* _Provided records_
◇ ◇ ◇ ◇ ◇ ◇ ◇

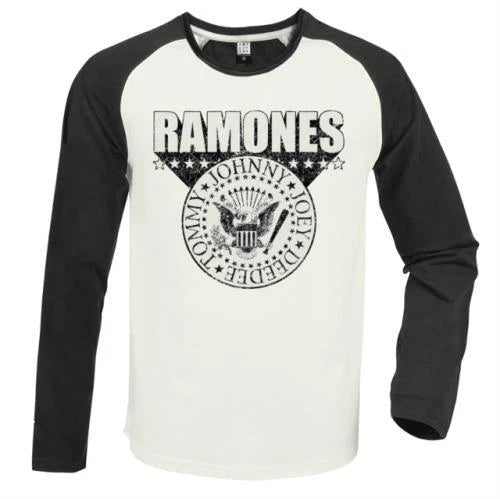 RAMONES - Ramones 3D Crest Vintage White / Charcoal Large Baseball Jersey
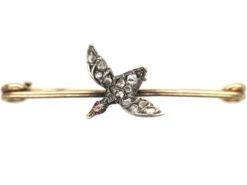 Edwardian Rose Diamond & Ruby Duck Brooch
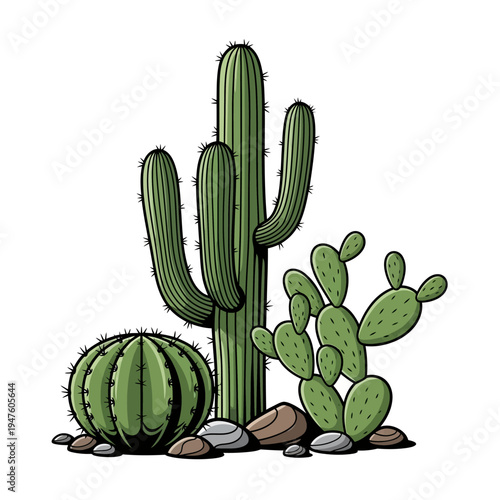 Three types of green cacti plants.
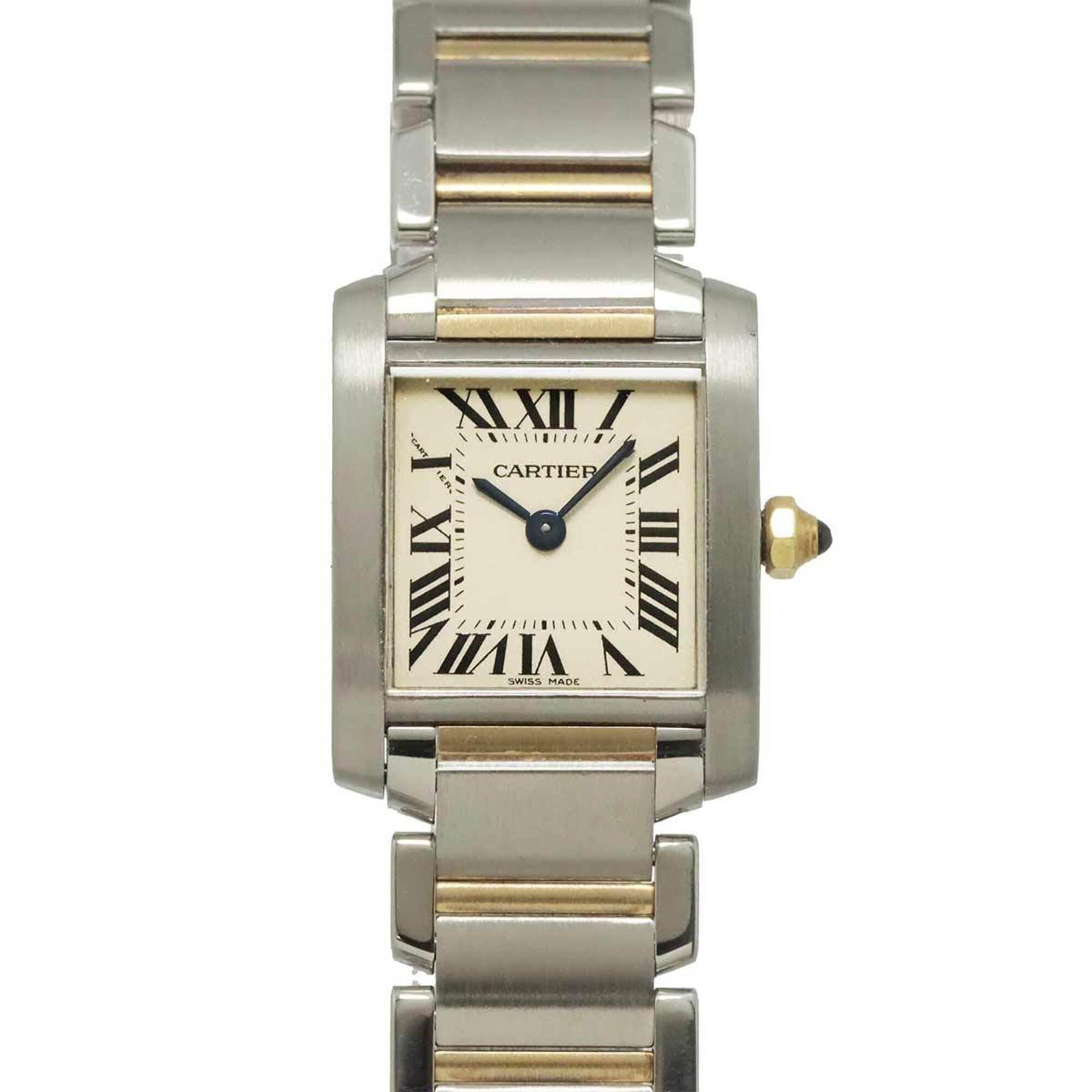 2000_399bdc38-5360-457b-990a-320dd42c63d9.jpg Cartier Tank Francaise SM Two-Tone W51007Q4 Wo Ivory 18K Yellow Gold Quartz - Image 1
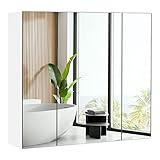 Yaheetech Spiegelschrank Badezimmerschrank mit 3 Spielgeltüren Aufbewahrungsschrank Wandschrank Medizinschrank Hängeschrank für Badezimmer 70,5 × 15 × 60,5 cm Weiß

◇ ◇ ◇ ◇ ◇ ◇ ◇

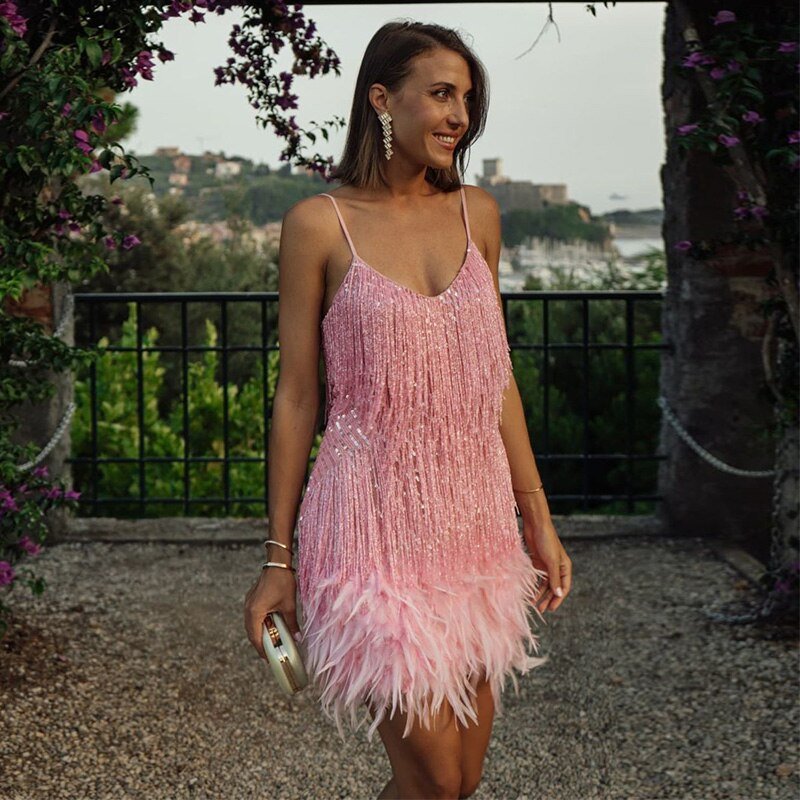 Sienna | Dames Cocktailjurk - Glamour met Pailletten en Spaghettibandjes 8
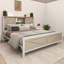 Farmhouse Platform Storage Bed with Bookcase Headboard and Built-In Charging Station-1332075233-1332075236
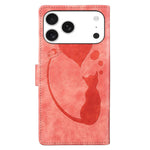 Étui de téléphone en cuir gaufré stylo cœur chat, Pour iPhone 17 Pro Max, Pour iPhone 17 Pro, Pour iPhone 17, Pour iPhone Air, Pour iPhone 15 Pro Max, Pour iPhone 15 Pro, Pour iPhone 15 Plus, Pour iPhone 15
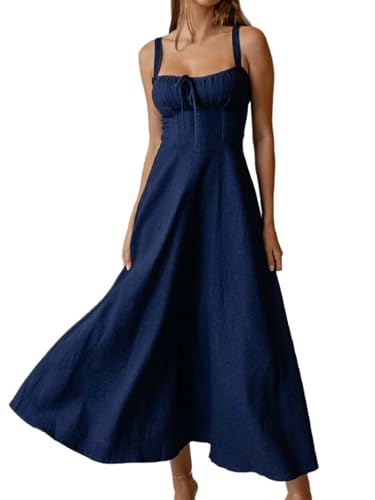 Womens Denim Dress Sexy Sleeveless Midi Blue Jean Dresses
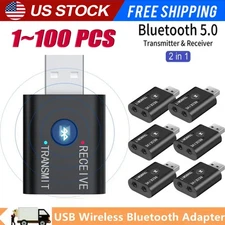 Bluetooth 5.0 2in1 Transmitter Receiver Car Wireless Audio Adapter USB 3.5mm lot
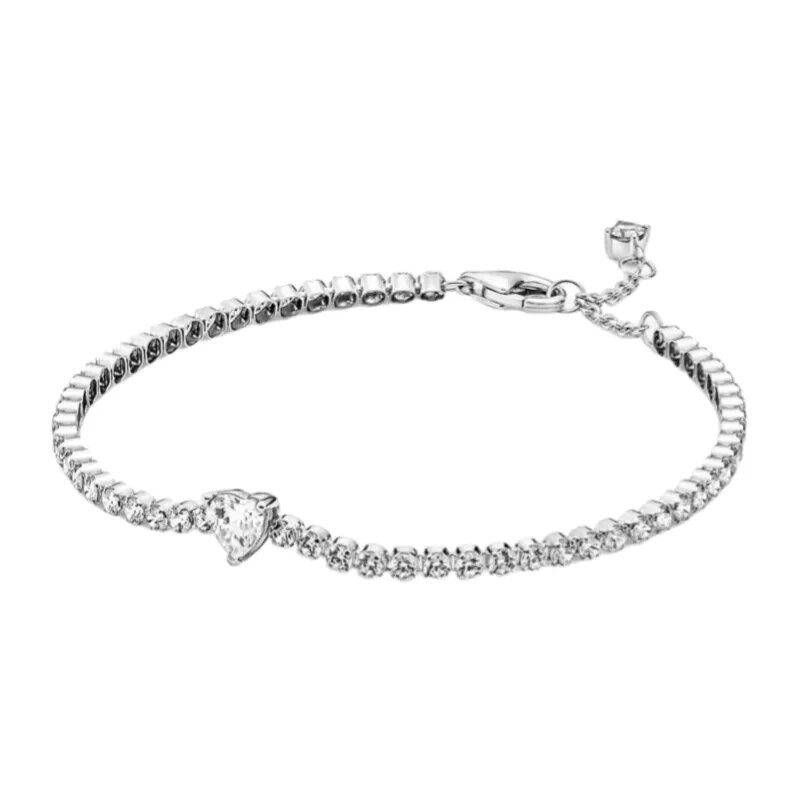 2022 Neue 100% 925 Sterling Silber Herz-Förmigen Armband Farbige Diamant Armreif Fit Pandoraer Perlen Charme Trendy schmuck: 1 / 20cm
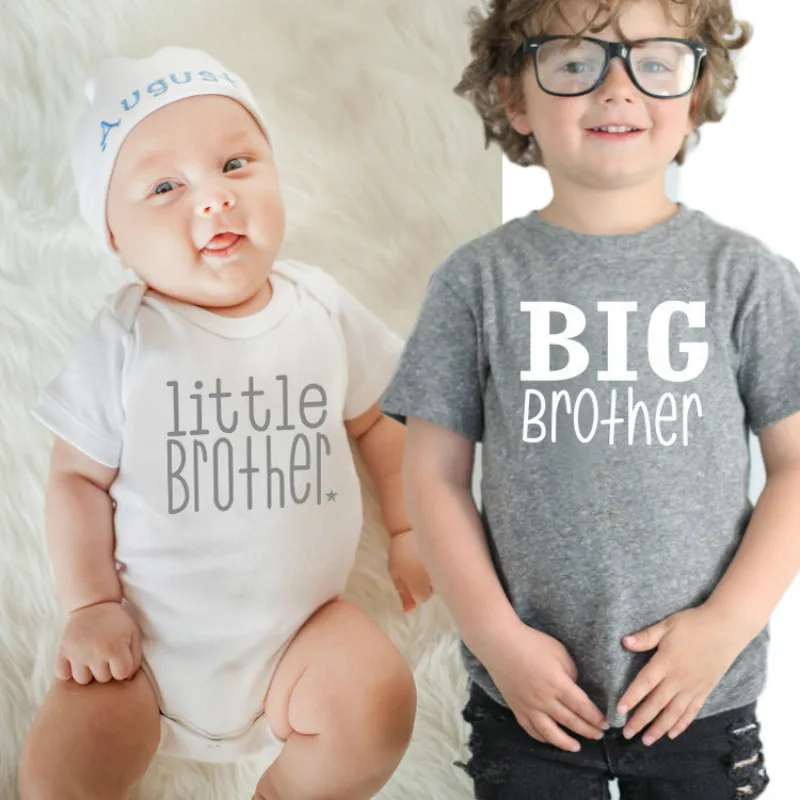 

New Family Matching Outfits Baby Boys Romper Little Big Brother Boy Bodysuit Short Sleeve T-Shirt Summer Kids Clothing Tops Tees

◇ ◇ ◇ ◇ ◇ ◇ ◇

* _Work request_
Exactly as written above, retype the lines starting at the one holding "RAMONES - Ramones" and ending at the one holding "2000_399bdc38-5360-457b-990a-320dd42c63d9.jpg Cartier Tank", both included, but not the pictures.

* _Response below_
 RAMONES - Ramones 3D Crest Vintage White / Charcoal Large Baseball Jersey
 Edwardian Rose Diamond & Ruby Duck Brooch
 Three types of green cacti plants.
 2000_399bdc38-5360-457b-990a-320dd42c63d9.jpg Cartier Tank Francaise SM Two-Tone W51007Q4 Wo Ivory 18K Yellow Gold Quartz - Image 1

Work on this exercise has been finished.